Une Création portée par les voix à Verbier
Ouvrage de la dernière maturité de Haydn, La Création retrace les six jours où Dieu façonna le monde à partir du récit biblique et du Paradis perdu de Milton, dans un livret en anglais destiné à Haendel, et traduit en allemand par le baron van Swieten. La puissance de l'inspiration comme la fluidité de la narration ont façonné le succès de la partition dès sa création à Vienne en 1798. Au-delà des questions d'authenticité, Gábor Takács-Nagy et le Verbier Festival Chamber Orchestra s'attachent à la vitalité et aux couleurs d'une musique mêlant séduction mélodique et construction dramatique – l'éclairage des pupitres ne manque pas d'éloquence. Dès le prélude orchestral, la maîtrise des textures se révèlent évidente, sous une baguette qui ne se départira jamais d'une jubilation communicative, jusque dans les sections fuguées parfois serrées, mais toujours lisibles, denses souvent, aérées généralement.
C'est d'ailleurs cette clarté de la lecture, qui ne renonce pas à la chaleur et à la sensualité, qui innerve l'ensemble du plateau, sans parler des choeurs rayonnants du RIAS Kammerchor, sculpturaux dans les grands finaux et d'une irrésistible précision dans l'enlacement des lignes. Les trois solistes des deux premières parties assument les interventions des trois anges, commentant le façonnement de l'univers. Les mots auguraux incombent au Raphaël d'Andreas Bauer. Si les graves de la basse sont bien définis, l'émission très focalisée n'évite pas toujours quelques accents un rien nasaux. Il reste un métier solide, qui s'exprime en particulier dans les prolixes descriptions de la faune, qui distille une sapidité évidente, au-delà de la patente intégrité du matériau.

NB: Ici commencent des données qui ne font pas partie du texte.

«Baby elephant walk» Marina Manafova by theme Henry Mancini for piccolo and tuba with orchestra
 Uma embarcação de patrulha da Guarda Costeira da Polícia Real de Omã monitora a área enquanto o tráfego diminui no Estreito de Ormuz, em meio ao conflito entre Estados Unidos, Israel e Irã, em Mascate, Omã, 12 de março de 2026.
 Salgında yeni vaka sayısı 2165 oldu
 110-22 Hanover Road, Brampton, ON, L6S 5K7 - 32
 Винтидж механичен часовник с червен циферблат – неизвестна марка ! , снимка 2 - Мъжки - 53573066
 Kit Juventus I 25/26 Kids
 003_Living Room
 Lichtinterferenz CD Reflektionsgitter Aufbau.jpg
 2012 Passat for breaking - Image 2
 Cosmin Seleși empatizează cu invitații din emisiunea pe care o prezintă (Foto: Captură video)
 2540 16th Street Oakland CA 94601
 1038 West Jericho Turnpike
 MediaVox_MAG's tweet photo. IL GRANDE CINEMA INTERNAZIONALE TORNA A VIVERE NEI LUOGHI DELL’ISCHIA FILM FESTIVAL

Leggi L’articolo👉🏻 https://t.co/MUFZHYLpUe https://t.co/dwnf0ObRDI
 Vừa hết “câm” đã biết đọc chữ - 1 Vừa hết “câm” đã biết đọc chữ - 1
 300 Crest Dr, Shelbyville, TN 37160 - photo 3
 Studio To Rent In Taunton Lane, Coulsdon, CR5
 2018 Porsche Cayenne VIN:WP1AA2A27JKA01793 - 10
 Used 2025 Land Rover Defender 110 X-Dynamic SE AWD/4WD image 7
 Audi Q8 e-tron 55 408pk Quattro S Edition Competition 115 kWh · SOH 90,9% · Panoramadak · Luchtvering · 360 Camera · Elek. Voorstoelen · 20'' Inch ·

Remplaçant Pavel Breslik, initialement prévu, Bernard Richter fait valoir un Uriel soigné, à la diction sans reproche – comme ses partenaires au demeurant. Le charme du timbre s'avère vraisemblablement différent, mais le ténor suisse ne se contente pas d'une attention scrupuleuse au texte. On appréciera la santé de l'instrument, la luminosité de la voix qui sait garder une juste distance avec l'affect. Nulle froideur cependant dans cette réserve qui n'altère point l'éclat intelligemment calibré du haut de la tessiture, sans en négliger le corps.
Les oreilles assoiffées de chatoiements privilégieront le Gabriel de Miah Persson. Il est difficile de résister au fruité de la soprano. Le délié de son chant irradie une sensibilité qui n'oublie pas le caractère angélique de son personnage, et métamorphosera son innocence dans la troisième partie, où elle troquera les ailes séraphiques pour la féminité d'Eve. La chair vocale frise juste ce qu'il faut, pour ne pas abîmer le fini délicat du vibrato, lequel se charge de tendresse dans le duo avec l'Adam de son compatriote Peter Mattei, dont on reconnaît l'idiomatique pâte, et le grain riche en harmoniques savoureux. Le legato semble ignorer les assauts de la maturité, et modèle une aisance généreuse que le public ne peut que plébisciter, comme l'ensemble des acteurs d'un concert de haute tenue vocale, sinon musicale tout court.